Given that the this entire study is about disciplined and punitive parenting vs open and free-wheeling and the question is 'does your child say that you are great and they are doing great and everything is great when you ask them what to put down on this survey', there's probably a good measure of auto-correlation going on here.

Anecdotal I know, but among my friends and aquaintances I think the ones with easy-going parents are both happier and more successful on average than the ones who had tough love parents.

It's not that I distrust this conservative organization's study, necessarily, but at the least I wonder if they would ever have published it had it shown the opposite results. That kind of factor already introduces bias.

It's not that I distrust this conservative organization's study, necessarily, but at the least I wonder if they would ever have published it had it shown the opposite results. That kind of factor already introduces bias.

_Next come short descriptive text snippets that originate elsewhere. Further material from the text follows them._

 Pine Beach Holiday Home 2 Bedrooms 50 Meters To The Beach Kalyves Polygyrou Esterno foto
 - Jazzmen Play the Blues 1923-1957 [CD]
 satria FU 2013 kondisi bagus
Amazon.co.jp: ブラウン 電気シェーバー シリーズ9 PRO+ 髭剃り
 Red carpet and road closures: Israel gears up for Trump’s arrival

That kind of factor is present in literally every study ever, you can always wonder if the authors just printed self-flattering bullshit. Going off the replication crisis, it's even a safe bet.

A few thoughts.

  1. How much of this is paradox of choice? Conservatives being more religious, and successful religions today having a few thousand years to (even for an atheist) evolve to fit well with human psychology. Versus modern liberalism kind of being a be whatever you want to be? Even if I weren’t opposed to pronouns etc I feel like if I grew up in a left area and having to choose which one I was would just put a lot of fear in me I’m choosing wrong. Versus growing up in a traditional area where being a straight white male as my only choice avoids any am I making a mistake issues.

  2. I’m not sure why very liberal is better than liberal. Doesn’t fit my expectations. The only thing I could see would be liberal would pick up a lot of general corporate type liberal while very liberal people atleast have an ideology they teach their kids. (Paradox of choice again.

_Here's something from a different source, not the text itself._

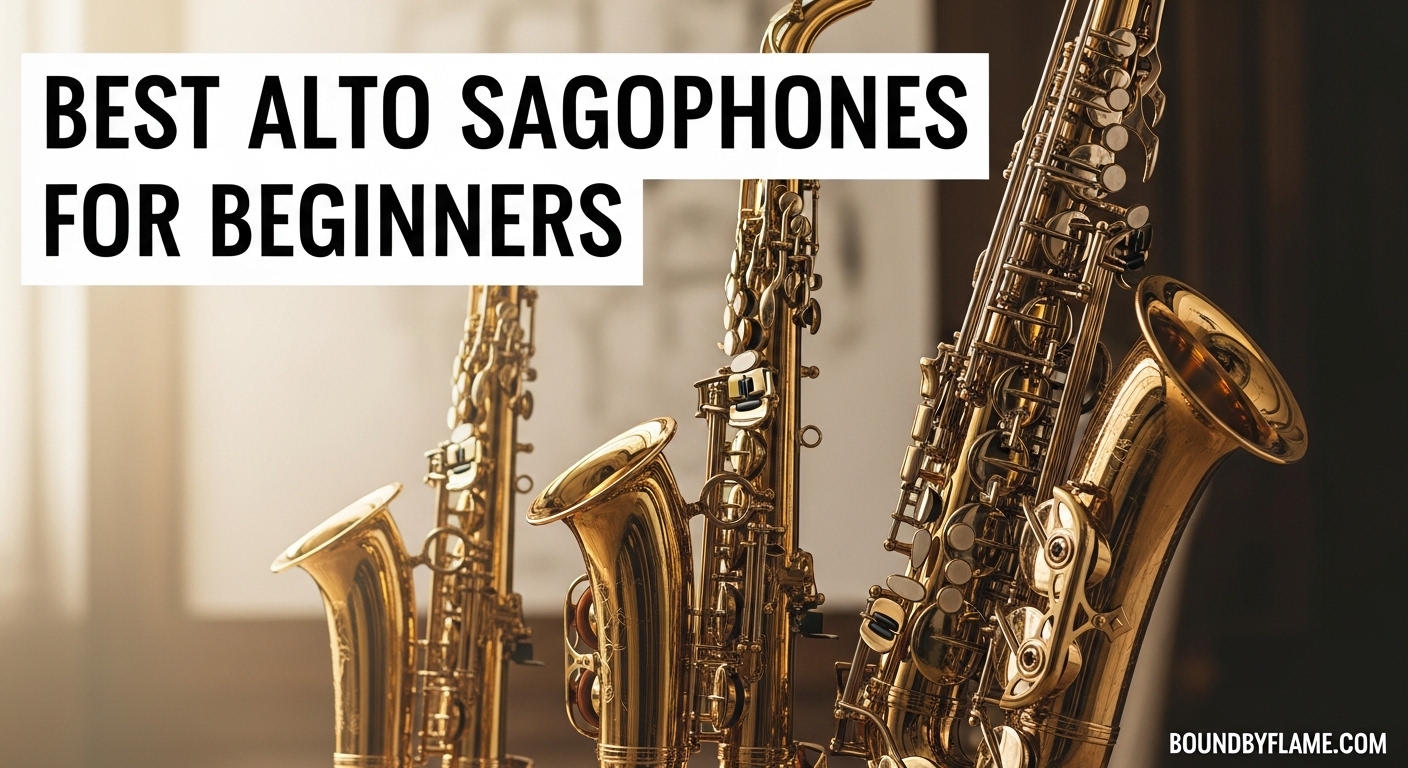 Best Alto Saxophones for Beginners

  3. I thought there was something where liberals actually get divorced less than conservatives because they marry later or perhaps that’s just your upper class highly educated liberal. I would have thought for that reason that parental environment and good parenting wasn’t the issue.

  4. Would like to see some racial background combined with ideology. I think most on the right associate the rise in mental health issues with the woke mind virus. So I was trying to figure out how blacks fit in where I think the vast majority of their community doesn’t have that virus. And I guess Republican/Democrat isn’t necessarily the same as liberal/conservative.

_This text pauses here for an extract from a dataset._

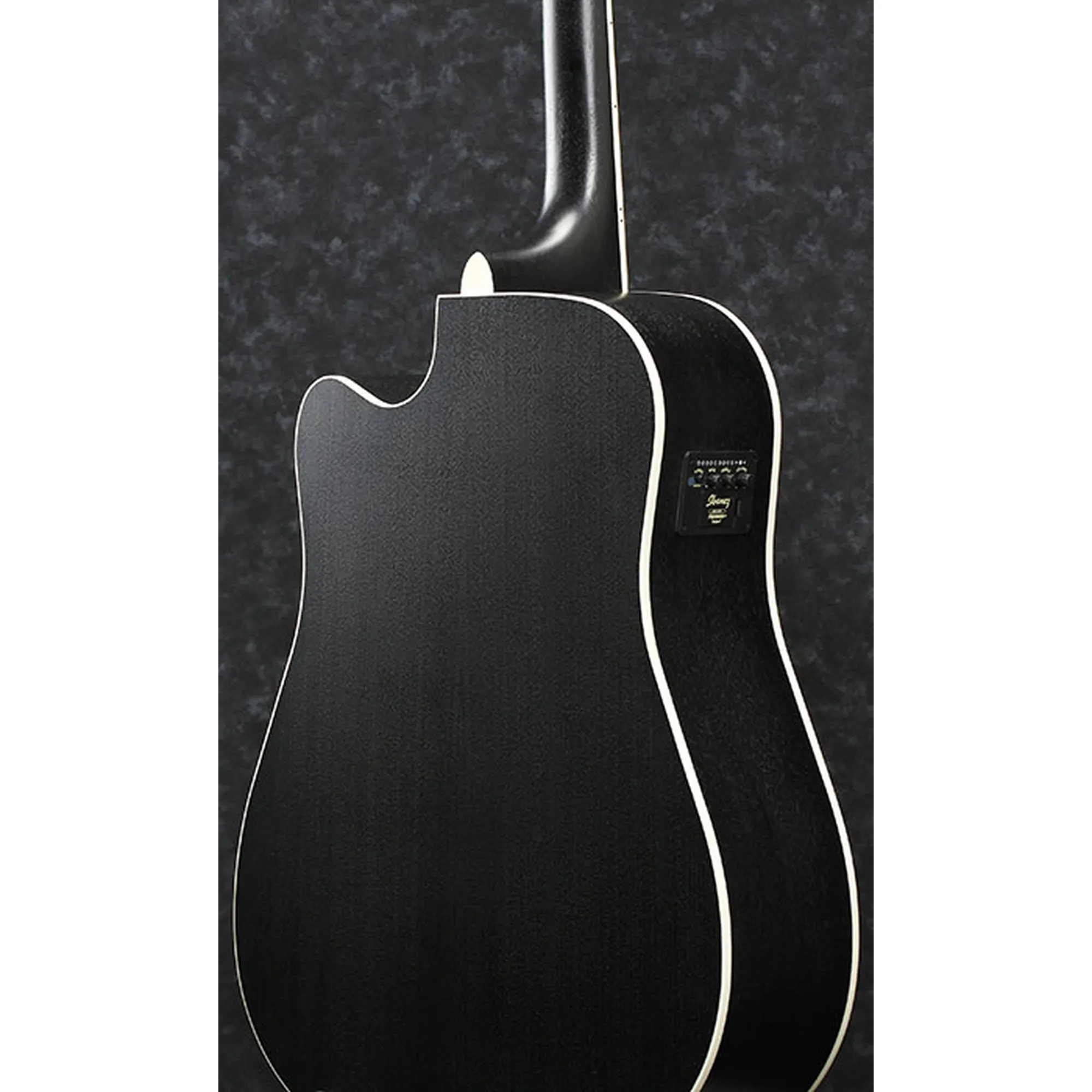 Anderes Coverbild Ibanez AW84CE-WK Artwood Electric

  5. Maybe the liberal having more issues is because they still have a lot of normie vibes but also often are in areas with very liberal people. Being in a declared camp is a lot better than being in no man’s land.

A couple of thoughts on some of your thoughts-

  1. It looks like the difference is kind of small, and also there might be some kind of liberalism by half measures effect. It might be random sampling bias(although the sample size should be big enough), or it could be a selection effect on what kind of very liberal people become parents- if that's less of a default, it's reasonable to think it might be less suitable parents that drop off first, and it certainly seems borne out by data that very liberal people are less likely to have kids than liberals.

  2. I know red states tend to have higher divorce rates than blue states, but does the divorce rate actually propagate on ideology or is that a typical "democrats in red states are pretty uniquely dysfunctional" effect, like what drives crime and (some of the)welfare use?

  3. They claim they controlled for that. It looks like this was a study only of intact nuclear families, though- which at least among AADOS is not the default, so there's a selection effect there. So I would like to see a broader study, but I think all it would return would be "kids do best in an intact two-parent household" which isn't a revelation to anyone.

I do think paradox of choice explains a lot, and I'd also go further- for any given norm, 99% of deviations from it are probably destructive/stupid. Most norms are norms for a reason.